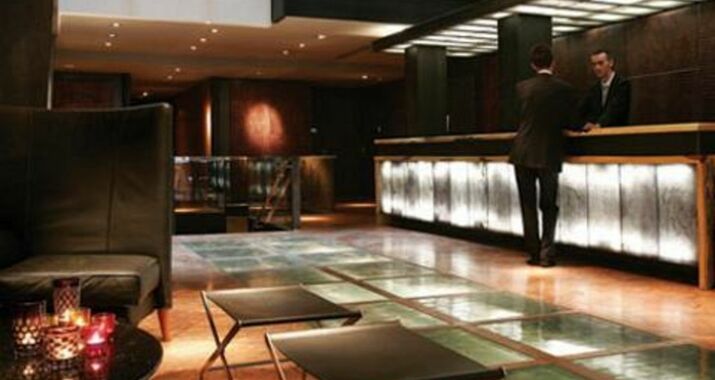 Show Room Barcelona Enrique Granados Show Room Barcelona Enrique Granados
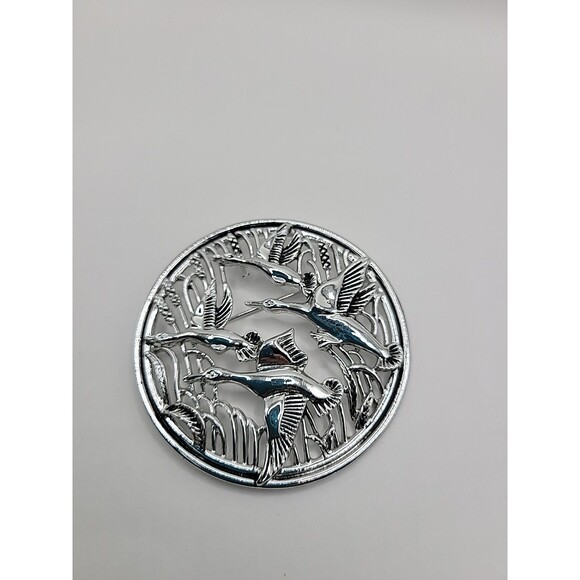 Vintage Sarah Coventry Brooch Pin Round Ducks Birds Fowl Silver Tone - Picture 12 of 13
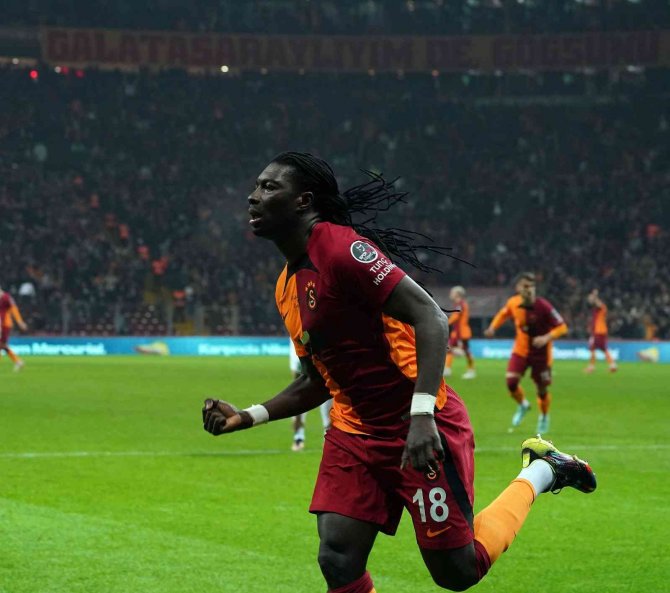 Bafetimbi Gomis Bu Sezonki Gol Sayısını 10’a Çıkardı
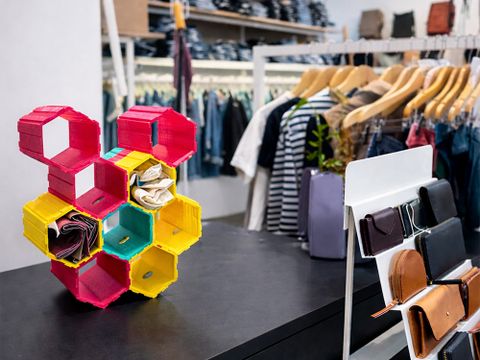 Tauschstation steht auf dem Kassentresen eines Kleidungsgeschäftes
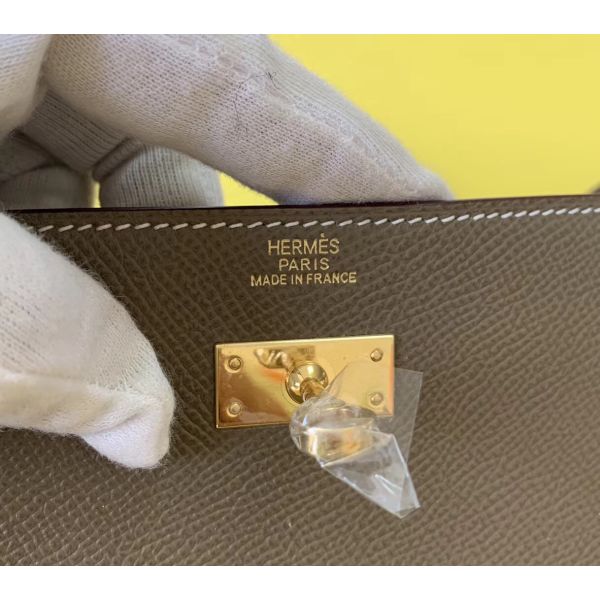 HERM Kelly Classique To Go Wallet In Taupe Epsom Calfskin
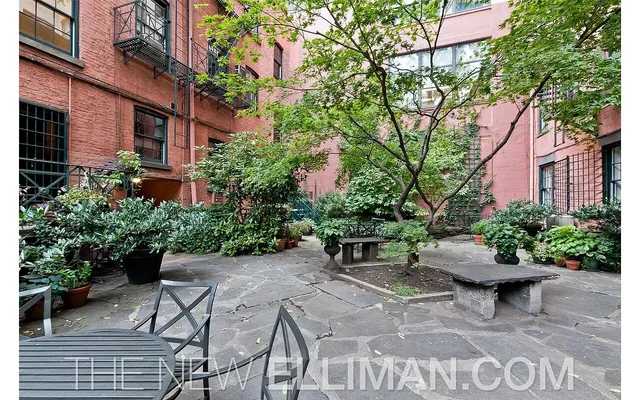 $1,495,000 | 49 King Street, Unit 5 | Hudson Square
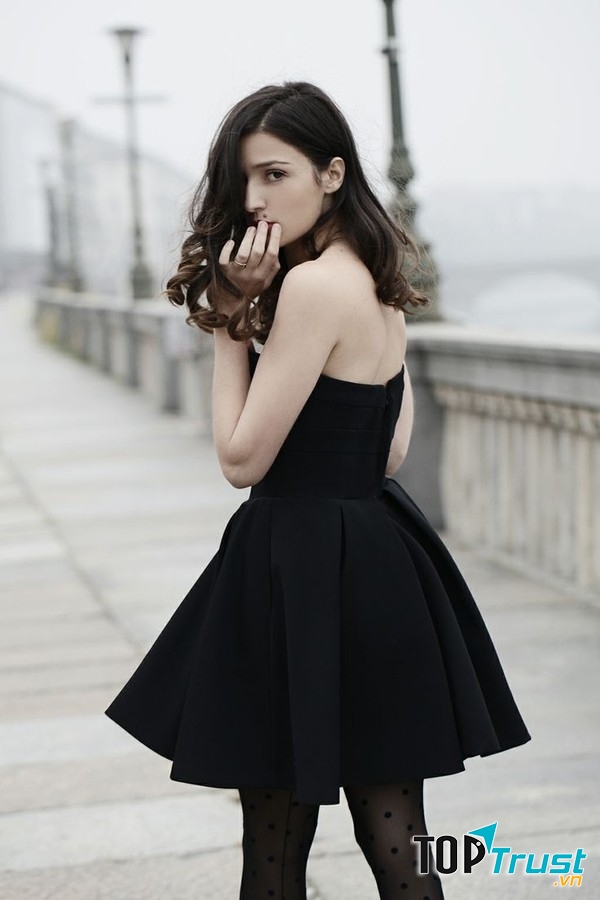 Bí quyết diện gam đen giúp bạn trông quyến rũ và sang chảnh nhất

------------------------------------------------

## To do
Starting with the first line of the records above and stopping after the line containing "5 | Hudson Square", repeat every line exactly and leave out the pictures.

## Written solution
 Show Room Barcelona Enrique Granados Show Room Barcelona Enrique Granados
 Vintage Sarah Coventry Brooch Pin Round Ducks Birds Fowl Silver Tone - Picture 12 of 13
 Bafetimbi Gomis Bu Sezonki Gol Sayısını 10’a Çıkardı
 Tauschstation steht auf dem Kassentresen eines Kleidungsgeschäftes
 HERM Kelly Classique To Go Wallet In Taupe Epsom Calfskin
 $1,495,000 | 49 King Street, Unit 5 | Hudson Square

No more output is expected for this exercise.